:: Material supplied
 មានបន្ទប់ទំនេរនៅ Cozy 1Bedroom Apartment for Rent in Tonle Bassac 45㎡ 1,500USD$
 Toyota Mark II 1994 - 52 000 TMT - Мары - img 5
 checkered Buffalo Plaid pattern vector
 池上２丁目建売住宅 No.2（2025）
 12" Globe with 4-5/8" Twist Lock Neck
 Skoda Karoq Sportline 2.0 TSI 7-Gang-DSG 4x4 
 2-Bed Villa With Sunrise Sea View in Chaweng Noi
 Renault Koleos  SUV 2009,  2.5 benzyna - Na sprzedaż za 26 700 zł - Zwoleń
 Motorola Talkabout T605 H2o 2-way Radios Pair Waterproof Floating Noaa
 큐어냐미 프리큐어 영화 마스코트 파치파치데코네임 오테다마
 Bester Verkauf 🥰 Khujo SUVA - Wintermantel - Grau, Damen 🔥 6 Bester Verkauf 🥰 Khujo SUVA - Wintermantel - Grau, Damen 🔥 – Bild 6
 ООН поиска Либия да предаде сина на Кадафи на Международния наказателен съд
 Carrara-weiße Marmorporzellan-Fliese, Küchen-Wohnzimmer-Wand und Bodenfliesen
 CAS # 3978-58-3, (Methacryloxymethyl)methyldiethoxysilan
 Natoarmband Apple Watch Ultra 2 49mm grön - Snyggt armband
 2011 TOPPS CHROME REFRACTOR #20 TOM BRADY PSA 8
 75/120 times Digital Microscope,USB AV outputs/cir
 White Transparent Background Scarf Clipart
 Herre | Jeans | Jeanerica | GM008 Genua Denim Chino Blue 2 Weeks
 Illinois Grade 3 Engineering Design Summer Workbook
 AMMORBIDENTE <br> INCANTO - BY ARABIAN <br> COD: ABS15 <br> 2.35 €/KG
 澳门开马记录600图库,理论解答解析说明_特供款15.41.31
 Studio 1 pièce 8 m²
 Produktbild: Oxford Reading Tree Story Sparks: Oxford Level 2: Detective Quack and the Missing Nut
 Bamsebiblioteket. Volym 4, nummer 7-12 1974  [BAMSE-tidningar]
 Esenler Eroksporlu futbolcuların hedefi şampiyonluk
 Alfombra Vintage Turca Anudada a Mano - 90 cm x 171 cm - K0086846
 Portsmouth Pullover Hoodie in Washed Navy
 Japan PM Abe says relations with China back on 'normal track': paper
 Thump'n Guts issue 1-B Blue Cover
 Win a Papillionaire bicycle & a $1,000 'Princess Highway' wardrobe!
::::
* _Your goal_: Return every entry exactly as given.

* _Solution_:
 មានបន្ទប់ទំនេរនៅ Cozy 1Bedroom Apartment for Rent in Tonle Bassac 45㎡ 1,500USD$
 Toyota Mark II 1994 - 52 000 TMT - Мары - img 5
 checkered Buffalo Plaid pattern vector
 池上２丁目建売住宅 No.2（2025）
 12" Globe with 4-5/8" Twist Lock Neck
 Skoda Karoq Sportline 2.0 TSI 7-Gang-DSG 4x4 
 2-Bed Villa With Sunrise Sea View in Chaweng Noi
 Renault Koleos  SUV 2009,  2.5 benzyna - Na sprzedaż za 26 700 zł - Zwoleń
 Motorola Talkabout T605 H2o 2-way Radios Pair Waterproof Floating Noaa
 큐어냐미 프리큐어 영화 마스코트 파치파치데코네임 오테다마
 Bester Verkauf 🥰 Khujo SUVA - Wintermantel - Grau, Damen 🔥 6 Bester Verkauf 🥰 Khujo SUVA - Wintermantel - Grau, Damen 🔥 – Bild 6
 ООН поиска Либия да предаде сина на Кадафи на Международния наказателен съд
 Carrara-weiße Marmorporzellan-Fliese, Küchen-Wohnzimmer-Wand und Bodenfliesen
 CAS # 3978-58-3, (Methacryloxymethyl)methyldiethoxysilan
 Natoarmband Apple Watch Ultra 2 49mm grön - Snyggt armband
 2011 TOPPS CHROME REFRACTOR #20 TOM BRADY PSA 8
 75/120 times Digital Microscope,USB AV outputs/cir
 White Transparent Background Scarf Clipart
 Herre | Jeans | Jeanerica | GM008 Genua Denim Chino Blue 2 Weeks
 Illinois Grade 3 Engineering Design Summer Workbook
 AMMORBIDENTE <br> INCANTO - BY ARABIAN <br> COD: ABS15 <br> 2.35 €/KG
 澳门开马记录600图库,理论解答解析说明_特供款15.41.31
 Studio 1 pièce 8 m²
 Produktbild: Oxford Reading Tree Story Sparks: Oxford Level 2: Detective Quack and the Missing Nut
 Bamsebiblioteket. Volym 4, nummer 7-12 1974  [BAMSE-tidningar]
 Esenler Eroksporlu futbolcuların hedefi şampiyonluk
 Alfombra Vintage Turca Anudada a Mano - 90 cm x 171 cm - K0086846
 Portsmouth Pullover Hoodie in Washed Navy
 Japan PM Abe says relations with China back on 'normal track': paper
 Thump'n Guts issue 1-B Blue Cover
 Win a Papillionaire bicycle & a $1,000 'Princess Highway' wardrobe!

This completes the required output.